Records from a collection

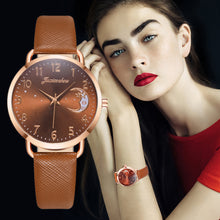 Load image into Gallery viewer, Women Watch Moon Numbers Dial Bracelet Watch Set Girls Leather Band Quartz Wristwatch
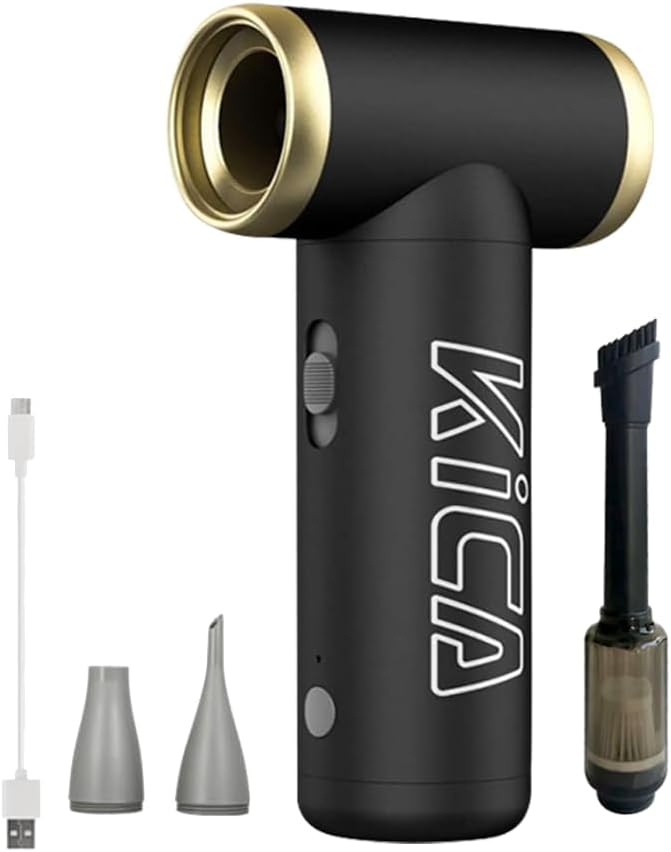 KICA Jet Fan 2 With Vacuum KIT, Multifunctional Blowing Suction Integrated Vacuum Cleaner (Black)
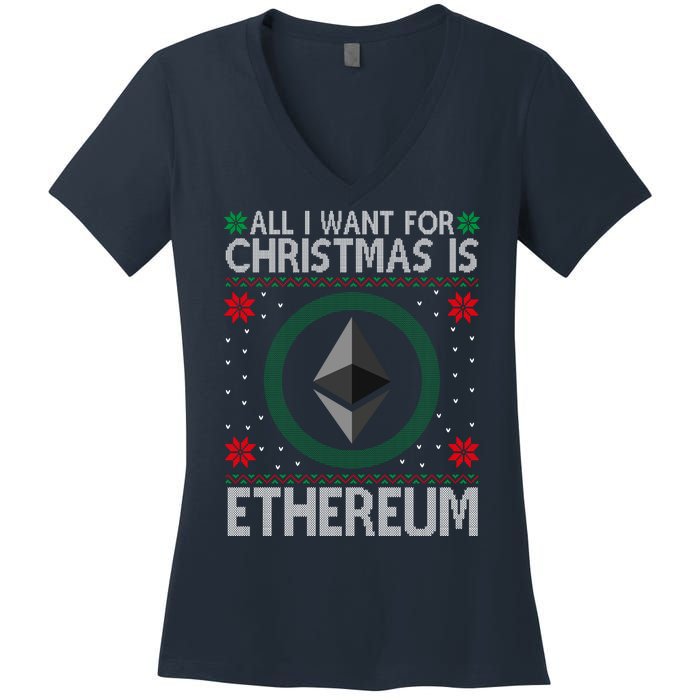 All I Want For Christmas Is Ethereum Crypto Holiday Women's V-Neck T-Shirt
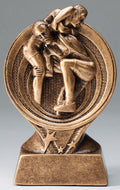 Male Wrestling Bronze Rings Resin Trophy Award - 6''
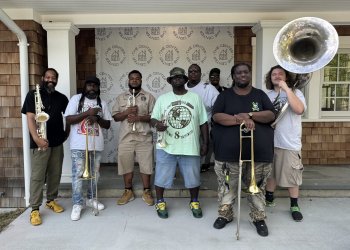 The Hot 8 Brass Band - Andrew Calhoun, Tyrus Chapman, Cris Cotton, Alvarez Huntley, Darrayl McGowan, Greshiren Britton, Larry Brown, Andrew Perrone at Jazz Soul Celebration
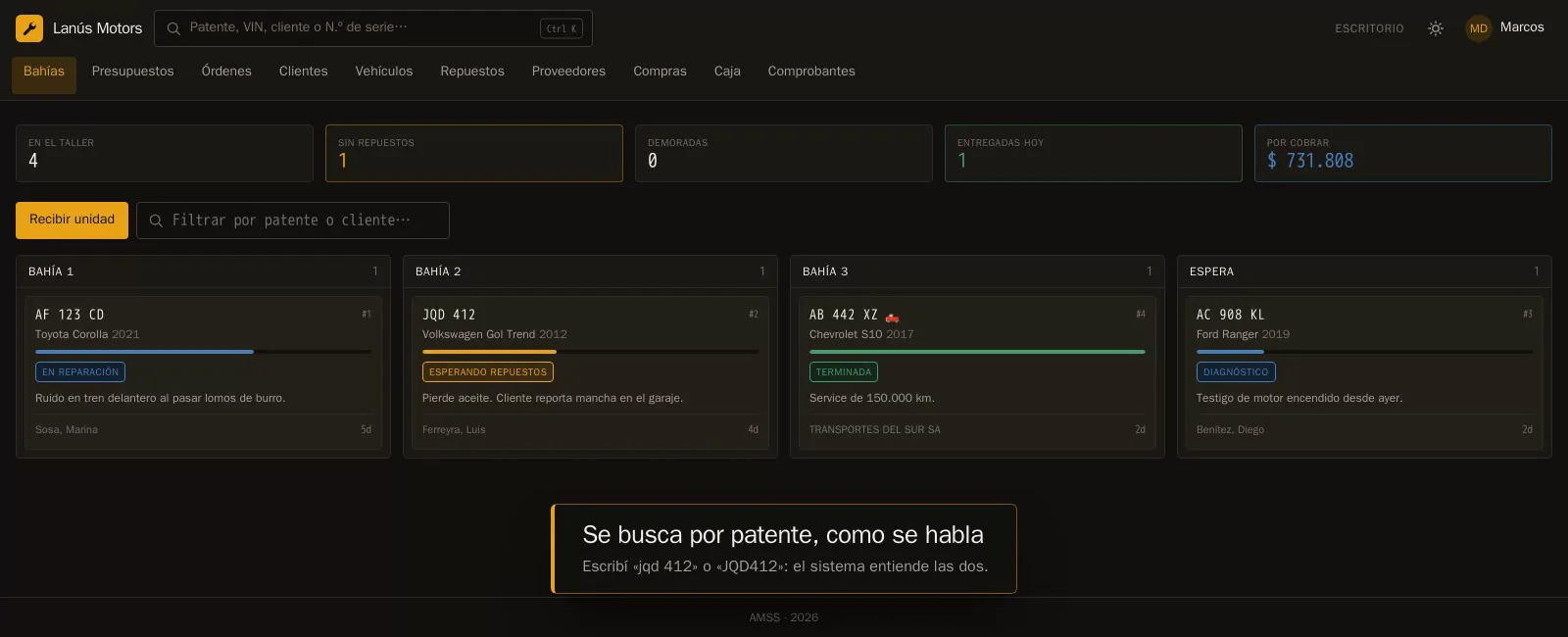 Tablero de bahías de Torque: cada columna es un elevador con la unidad que tiene adentro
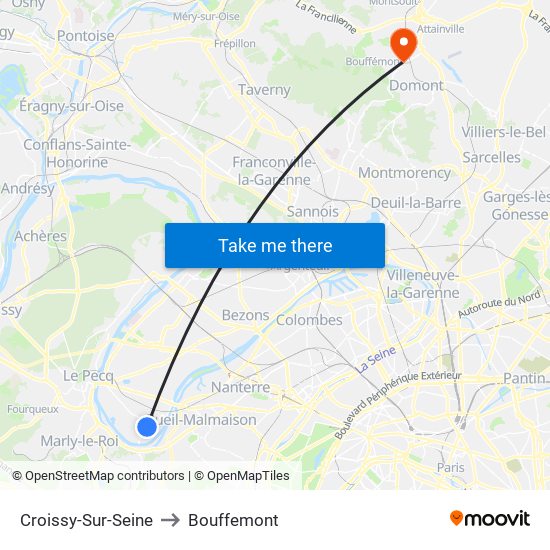 Croissy-Sur-Seine to Bouffemont map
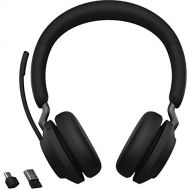 Jabra Evolve2 65 MS Wireless Headphones with Link380a, Stereo, Black ? Wireless Bluetooth Headset for Calls and Music, 37 Hours of Battery Life, Passive Noise Cancelling Headphones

Directions: Reproduce the entries above word for word. Pictures stay out.

Result for this exercise:
 Load image into Gallery viewer, Women Watch Moon Numbers Dial Bracelet Watch Set Girls Leather Band Quartz Wristwatch
 KICA Jet Fan 2 With Vacuum KIT, Multifunctional Blowing Suction Integrated Vacuum Cleaner (Black)
 All I Want For Christmas Is Ethereum Crypto Holiday Women's V-Neck T-Shirt
 Male Wrestling Bronze Rings Resin Trophy Award - 6''
 The Hot 8 Brass Band - Andrew Calhoun, Tyrus Chapman, Cris Cotton, Alvarez Huntley, Darrayl McGowan, Greshiren Britton, Larry Brown, Andrew Perrone at Jazz Soul Celebration
 Tablero de bahías de Torque: cada columna es un elevador con la unidad que tiene adentro
 Croissy-Sur-Seine to Bouffemont map
 Jabra Evolve2 65 MS Wireless Headphones with Link380a, Stereo, Black ? Wireless Bluetooth Headset for Calls and Music, 37 Hours of Battery Life, Passive Noise Cancelling Headphones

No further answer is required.